May 5, 2025
CHOICE Act: Florida nears passing law to further strengthen employers’ ability to contract for stronger non-compete protections
Significant changes coming to Florida non-compete agrements in 2025.
May 5, 2025 | FORS | ATTORNEYS AT LAW
Florida employers should prepare for significant changes in the enforceability of noncompete and garden leave agreements with the anticipated signing of the Contracts Honoring Opportunity, Investment, Confidentiality, and Economic Growth (CHOICE) Act. This legislation, set to take effect July 1, 2025 if signed into law by Governor Ron DeSantis, aims to provide greater certainty and structure to restrictive covenants in employment contracts—while also carving out major exceptions for healthcare professionals. Nevertheless, with the passage of this bill, Florida aims to solidy its position as one of the most employer-friendly states in this context.
Key Takeaways for Florida Employers
1. Noncompete Agreements
The CHOICE Act will allow Florida employers to enter into noncompete agreements lasting up to four years, provided they are narrowly tailored and meet certain wage thresholds. These agreements may limit a former employee's ability to compete within a specified geographic area and industry—so long as the employer demonstrates a legitimate business interest, such as protecting confidential information or maintaining client relationships.

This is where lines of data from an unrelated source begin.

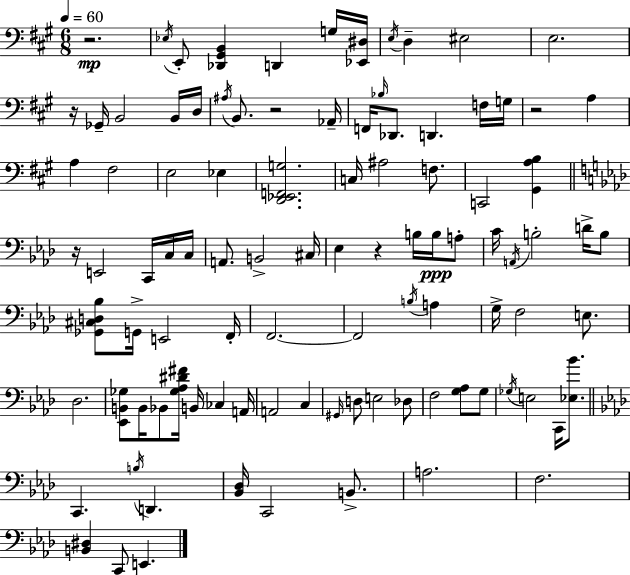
R/h. Eb3/s E2/e [Db2,G#2,B2]/q D2/q G3/s [Eb2,D#3]/s E3/s D3/q EIS3/h E3/h. R/s Gb2/s B2/h B2/s D3/s A#3/s B2/e. R/h Ab2/s F2/s Bb3/s Db2/e. D2/q. F3/s G3/s R/h A3/q A3/q F#3/h E3/h Eb3/q [D2,Eb2,F2,G3]/h. C3/s A#3/h F3/e. C2/h [G#2,A3,B3]/q R/s E2/h C2/s C3/s C3/s A2/e. B2/h C#3/s Eb3/q R/q B3/s B3/s A3/e C4/s A2/s B3/h D4/s B3/e [Gb2,C#3,D3,Bb3]/e G2/s E2/h F2/s F2/h. F2/h B3/s A3/q G3/s F3/h E3/e. Db3/h. [Eb2,B2,Gb3]/e B2/s Bb2/e [Gb3,Ab3,D#4,F#4]/s B2/s CES3/q A2/s A2/h C3/q G#2/s D3/e E3/h Db3/e F3/h [G3,Ab3]/e G3/e Gb3/s E3/h C2/s [Eb3,Bb4]/e. C2/q. B3/s D2/q. [Bb2,Db3]/s C2/h B2/e. A3/h. F3/h. [B2,D#3]/q C2/e E2/q.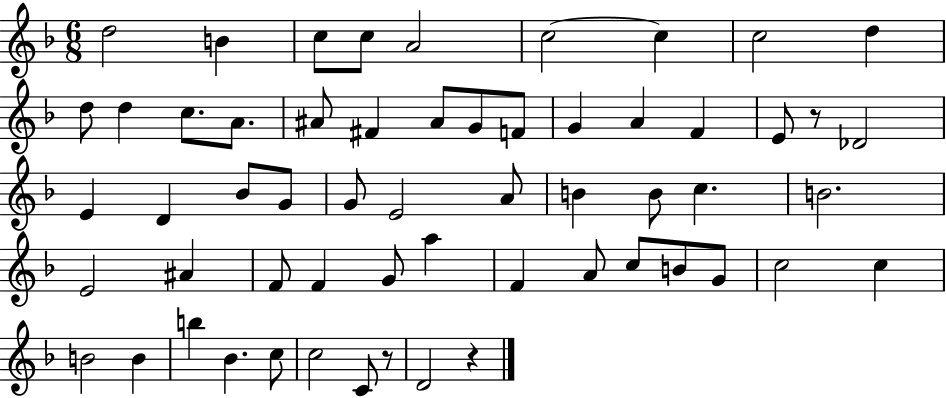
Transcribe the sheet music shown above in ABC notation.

X:1
T:Untitled
M:6/8
L:1/4
K:F
d2 B c/2 c/2 A2 c2 c c2 d d/2 d c/2 A/2 ^A/2 ^F ^A/2 G/2 F/2 G A F E/2 z/2 _D2 E D _B/2 G/2 G/2 E2 A/2 B B/2 c B2 E2 ^A F/2 F G/2 a F A/2 c/2 B/2 G/2 c2 c B2 B b _B c/2 c2 C/2 z/2 D2 z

2. Garden Leave Periods Up to Four Years
Employers may now include “garden leave” provisions requiring employees to provide up to four years' notice before resigning. During this period, the employee must be paid full salary and benefits. After 90 days, the employee is no longer required to perform services, but may only engage in other work with employer approval. A garden leave provision is a clause in an employment agreement that requires an employee—after resigning or being given notice of termination—to remain employed and continue receiving salary and benefits for a specified period, but without performing any actual work or accessing sensitive company information.
3. Who Qualifies?
The Act only applies to “covered employees”—defined as individuals "reasonably expected" to earn more than twice the annual mean wage in the county here the employer’s principal place of business is located. Yes, independent contractors are deemed to be covered employees for purpose of the law.
4. Healthcare Professionals Are Exempt
Importantly, most licensed healthcare practitioners are excluded from the Act’s coverage. This means that doctors, nurses, psychologists, and similar professionals cannot be subject to new noncompete or garden leave agreements governed by the CHOICE Act.
5. Enforcement Tools for Employers
If a dispute arises, Florida courts must issue a preliminary injunction enforcing the restrictive covenant unless the employee proves, by clear and convincing evidence, that they will not use confidential information or solicit restricted clients. Employers who prevail in enforcement proceedings are entitled to recover attorneys’ fees and damages.
What Should Employers Do Now?
Employers should review and revise their employment agreements in advance of the CHOICE Act's effective date. While the new law enhances enforceability for qualifying agreements, it also requires strict compliance with technical criteria—particularly around the procedure for execution of such agreements.
At FORS | ATTORNEYS AT LAW, we help Florida businesses navigate the evolving business landscape.
This blog post is intended for informational purposes only and does not constitute legal advice. For legal guidance tailored to your specific situation, please consult with an attorney.